CD138 Plasma Cell Enrichment for Genomic Sequencing*

*For Research Use Only - not for use in therapeutic or diagnostic procedures

Advancements in Multiple Myeloma Research through Genomic Sequencing

Multiple myeloma, characterized by its diverse molecular forms, remains a focal point in clinical research. The past decade has seen notable advances, including the development of proteasome inhibitors, immunomodulatory agents, monoclonal antibodies, and targeted drugs, greatly transforming outcomes of the disease.1 Today, central to the clinical advancement is the in-depth exploration of Multiple Myeloma’s genetics through Next-Generation Sequencing (NGS) technologies.

NGS technologies do more than just provide data; they are reshaping the landscape of multiple myeloma clinical research. By offering a detailed look into the genetics of myeloma cells, NGS aids researchers in pinpointing essential genetic markers, and techniques such as whole-genome and whole-exome sequencing have revealed critical genetic alterations, opening up fresh avenues for research and development of novel dignostic tools and therapies.2

The emerging potential of NGS in research is evident. Whether it’s tracking how multiple myeloma evolves or differentiating between molecular variants, NGS is proving indispensable in clinical research results.3 Additionally, the versatility of NGS technologies extends to studying the disease across various stages and biological samples, encompassing bone marrow, peripheral blood, and even minimal residual disease.3

1. Raphael Szalat, L MD, and Munshi Nikhil C., MD. “Next-Generation Sequencing Informing Therapeutic Decisions and Personalized Approaches.” American Society of Clinical Oncology. Educational Book. 2016 May 19; 36:e442-e448.
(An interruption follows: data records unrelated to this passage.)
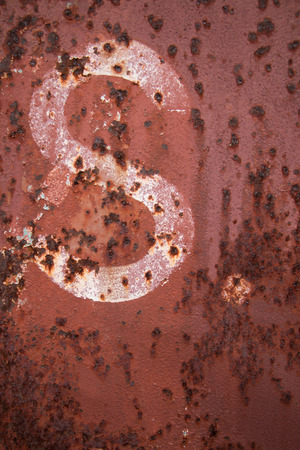 Old trains are parked outdoors where they are exposed to the heat of sunlight and rain, resulting in cracking and rusting.の写真素材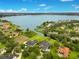 Aerial view of lakefront property and surrounding area at 2682 Wyndsor Oaks Pl, Winter Haven, FL 33884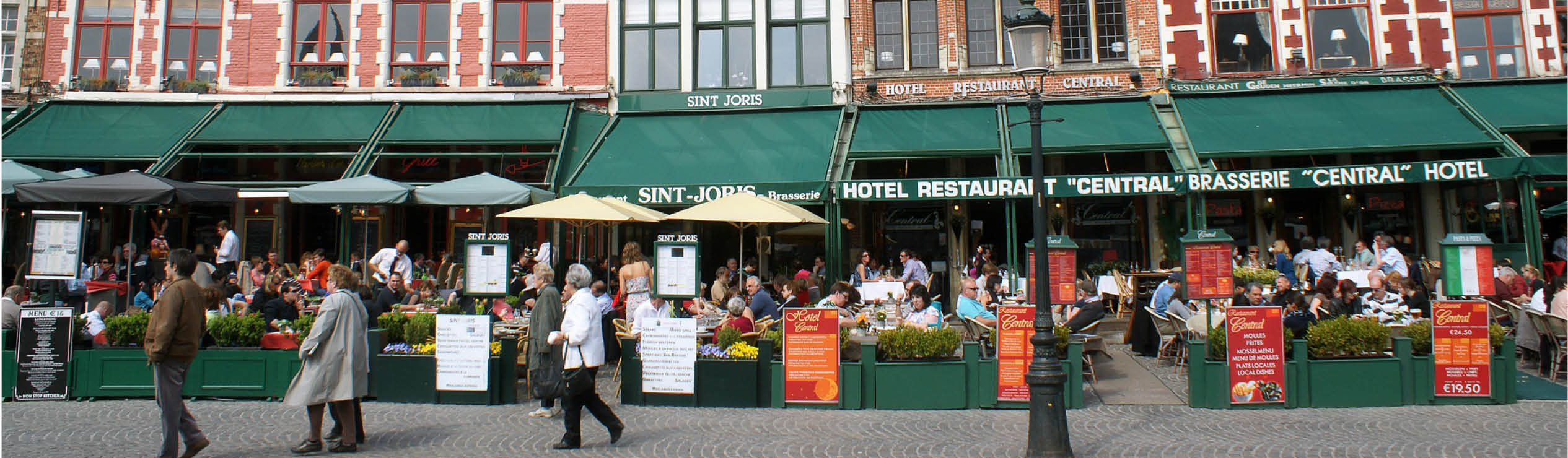 people sitting outside cafes in europe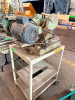 HEAVY-DUTY ABRASIVE CUT-OFF SAW WITH BELT-DRIVEN ELECTRIC MOTOR, ENCLOSED BLADE GUARD, PIVOTING CUTTING HEAD, ROUND WORK TABLE AND MATERIAL VISE / CLAMP ASSEMBLY. MOUNTED ON STEEL ROLLING STAND. - 2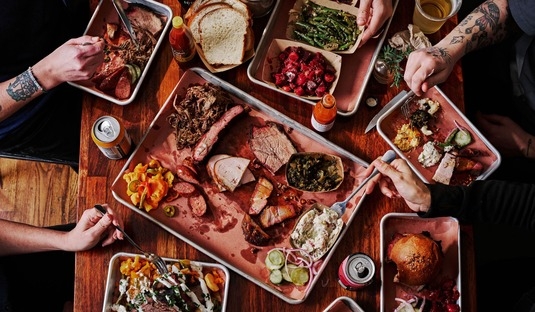 Platters of barbecue and sides served at Micklethwait Craft Meats in Austin, Texas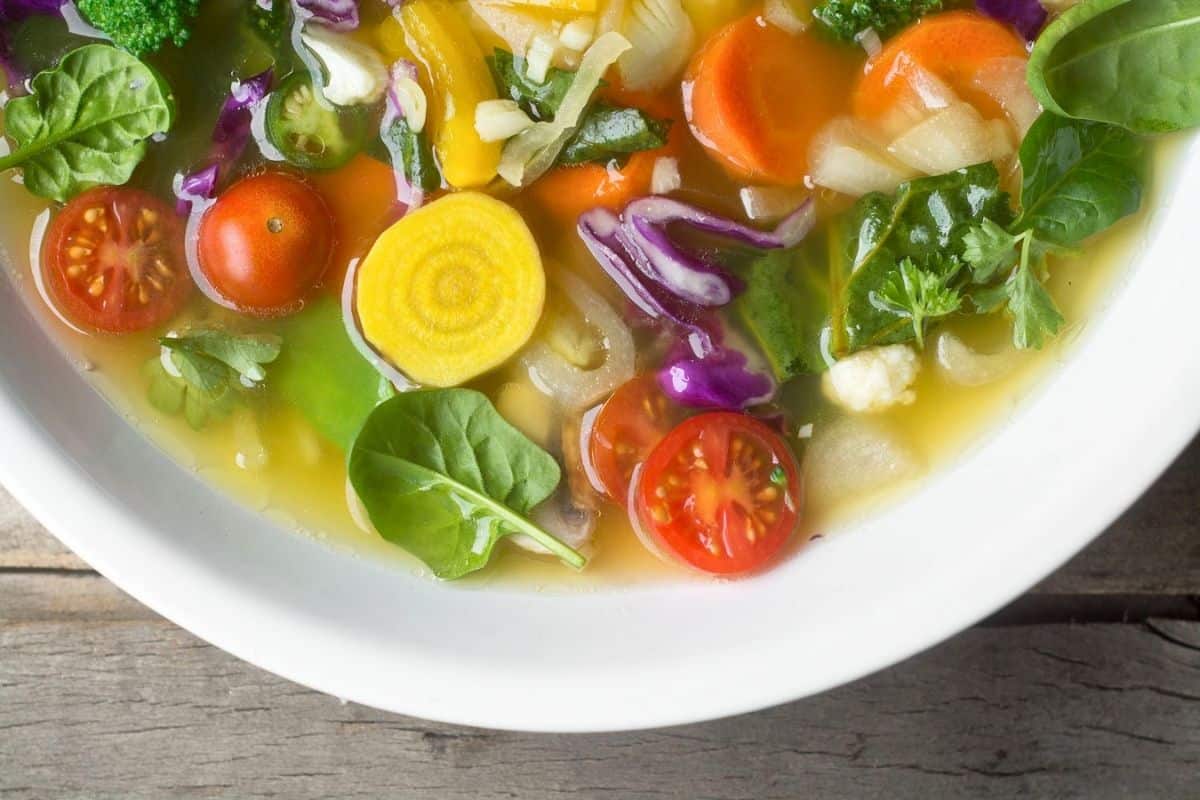 Brothy veggie soup in a bowl.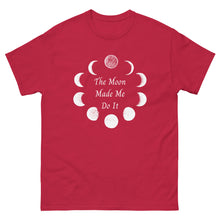 Load image into Gallery viewer, unisex red t-shirt with image phrase: The moon made me do it. Bordered with Moon phases. Front view. Halloween, spooky season.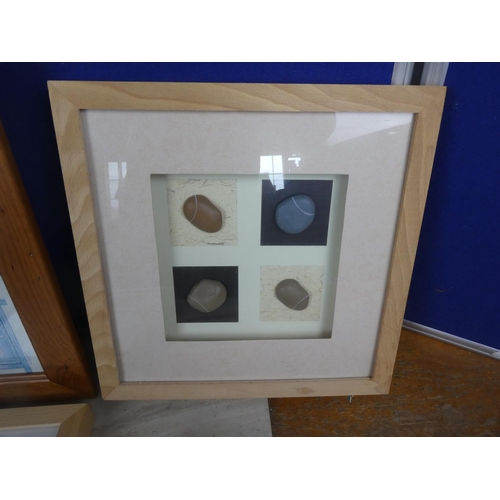 479 - A lot of framed pebble pictures.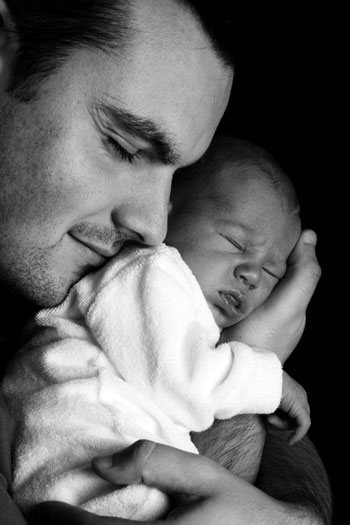 Dad cuddling a baby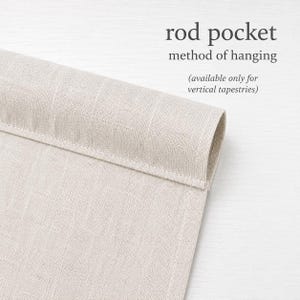 a close-up view of a beige fabric, possibly a piece of clothing or a textile, with a folded or rolled end. The text above the image reads "rod pocket method of hanging" and below it, "(available only for vertical tapestries)"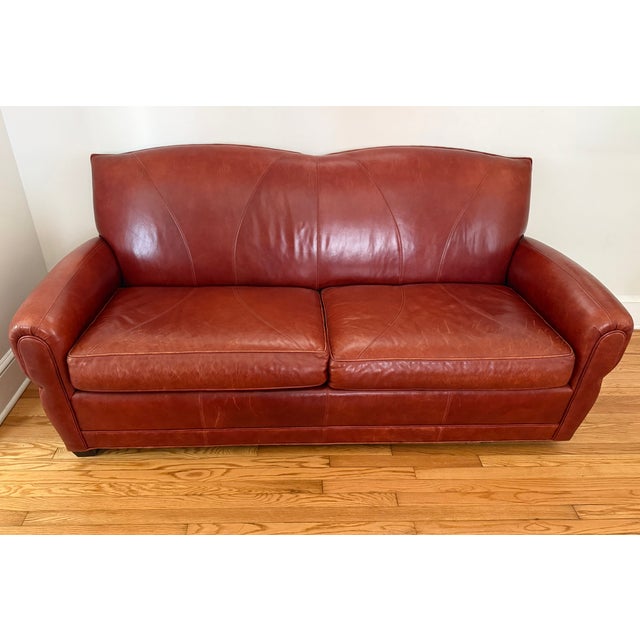 A rich vintage distressed Art Deco cognac red leather sofa, in the style of Ralph Lauren. A fine constructed worn leather...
2. Decaux O, Lodé L, Magrangeas F, et al; Intergroupe Francophone du Myélome. Prediction of survival in multiple myeloma based on gene expression profiles: A study of the Intergroupe Francophone du Myélome. J Clin Oncol. 2008; 26:4798-4805.

3. Bolli N, Genuardi E, Ziccheddu B, Martello M, Oliva S, Terragna C. Next-Generation Sequencing for Clinical Management of Multiple Myeloma: Ready for Prime Time? Front. Oncol. 2020 Feb 25; 10: Sec. Hematologic Malignancies.

MARS® Platform: Improving Plasma Cell Enrichment

The MARS® platform stands at the forefront as an innovative response to pressing challenges in plasma cell enrichment for genomic sequencing. 

Its cutting-edge in-flow design offers easy isolation workflow, resulting in exceptional purity and recovery of the output sample. What makes it unique, is its ability to isolate target cells, even those at minimal initial concentrations, directly from fresh bone marrow or blood samples.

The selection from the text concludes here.